Replication of scalars and arrays is always a waste of time and space. However, it is particularly problematic if the replicated structure is consumed by an indexing operation as it can change the asymptotic work complexity of the vectorised program. This holds not only for indexing, but for any operation that consumes only a small part of its input array(s). In other words, if a replicated structure is consumed in its entirety (for example by a fold), the asymptotic work complexity of replication matches that of consuming the structure. For operations that only consume a small part of their input, that is not the case. Hence, lifting, which introduces the replication, does increase asymptotic work.
Generally, we don't want to copy replicated data — it's a waste of space! We definitely don't want to do it for large data structures, and in particular, we don't want to do it for arrays. After all, that can change the asymptotic work complexity of a program. To keep it simple, we are for the moment focusing on avoiding replicating arrays, as this is were our current practical problems are coming from. (Independently of our current plans, some cases of replicated scalars are eliminated by fusion.)
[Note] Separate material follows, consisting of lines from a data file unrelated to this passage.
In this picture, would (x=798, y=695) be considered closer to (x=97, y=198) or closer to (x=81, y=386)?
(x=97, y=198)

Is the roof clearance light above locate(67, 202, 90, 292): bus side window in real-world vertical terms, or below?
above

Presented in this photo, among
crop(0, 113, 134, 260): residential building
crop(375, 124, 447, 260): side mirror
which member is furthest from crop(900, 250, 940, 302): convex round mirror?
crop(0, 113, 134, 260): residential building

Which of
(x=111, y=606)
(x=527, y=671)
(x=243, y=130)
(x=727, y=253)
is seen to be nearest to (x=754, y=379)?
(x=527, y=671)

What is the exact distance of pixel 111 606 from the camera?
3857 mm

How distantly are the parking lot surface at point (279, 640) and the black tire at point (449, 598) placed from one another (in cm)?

To clarify the scope of the present work:
- Avoid physically creating multiple copies of the same array due to replicateP and replicateP^ introduced by vectorisation.
- Ensure that consumers of replicated arrays only perform work in proportion to the size of the arrays before replication.
Non-goals (they are worthwhile goals, but we don't attempt them at the moment)
- Avoid physically creating multiple copies of scalars due to replicateP (this includes large scalars, such as list or trees).
- Avoid deep traversals of arrays of trees for packP and similar.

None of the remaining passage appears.